## Aim of the task
Lines from the top of the listing down to the one with "Ymosrh Men's Casual", inclusive, are to be copied exactly.

## Dataset excerpts
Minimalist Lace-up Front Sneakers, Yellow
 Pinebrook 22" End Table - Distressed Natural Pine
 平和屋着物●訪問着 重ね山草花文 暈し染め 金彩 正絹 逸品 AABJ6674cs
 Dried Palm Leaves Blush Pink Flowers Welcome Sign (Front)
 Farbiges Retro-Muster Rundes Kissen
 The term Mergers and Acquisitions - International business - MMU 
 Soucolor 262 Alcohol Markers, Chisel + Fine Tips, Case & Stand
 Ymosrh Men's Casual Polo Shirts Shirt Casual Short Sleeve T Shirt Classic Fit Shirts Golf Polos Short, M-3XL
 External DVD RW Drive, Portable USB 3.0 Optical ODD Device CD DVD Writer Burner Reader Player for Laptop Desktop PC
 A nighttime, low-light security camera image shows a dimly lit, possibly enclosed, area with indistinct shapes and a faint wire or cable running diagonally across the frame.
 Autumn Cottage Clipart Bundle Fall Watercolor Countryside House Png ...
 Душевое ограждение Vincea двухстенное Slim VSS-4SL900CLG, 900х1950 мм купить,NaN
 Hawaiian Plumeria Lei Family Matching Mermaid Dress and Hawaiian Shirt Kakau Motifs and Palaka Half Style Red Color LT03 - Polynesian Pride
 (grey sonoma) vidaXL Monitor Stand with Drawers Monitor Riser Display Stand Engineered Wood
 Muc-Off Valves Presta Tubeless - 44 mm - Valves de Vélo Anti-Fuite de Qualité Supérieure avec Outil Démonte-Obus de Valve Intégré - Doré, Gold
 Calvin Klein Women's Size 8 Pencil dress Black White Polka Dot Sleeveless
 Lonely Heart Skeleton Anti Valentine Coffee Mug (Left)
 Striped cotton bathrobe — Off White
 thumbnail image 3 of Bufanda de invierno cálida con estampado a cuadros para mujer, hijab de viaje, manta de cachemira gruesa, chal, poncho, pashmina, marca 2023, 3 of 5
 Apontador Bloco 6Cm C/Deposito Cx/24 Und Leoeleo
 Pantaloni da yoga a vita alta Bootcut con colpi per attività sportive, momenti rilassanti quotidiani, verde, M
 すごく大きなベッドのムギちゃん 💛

## Solution for this exercise
Minimalist Lace-up Front Sneakers, Yellow
 Pinebrook 22" End Table - Distressed Natural Pine
 平和屋着物●訪問着 重ね山草花文 暈し染め 金彩 正絹 逸品 AABJ6674cs
 Dried Palm Leaves Blush Pink Flowers Welcome Sign (Front)
 Farbiges Retro-Muster Rundes Kissen
 The term Mergers and Acquisitions - International business - MMU 
 Soucolor 262 Alcohol Markers, Chisel + Fine Tips, Case & Stand
 Ymosrh Men's Casual Polo Shirts Shirt Casual Short Sleeve T Shirt Classic Fit Shirts Golf Polos Short, M-3XL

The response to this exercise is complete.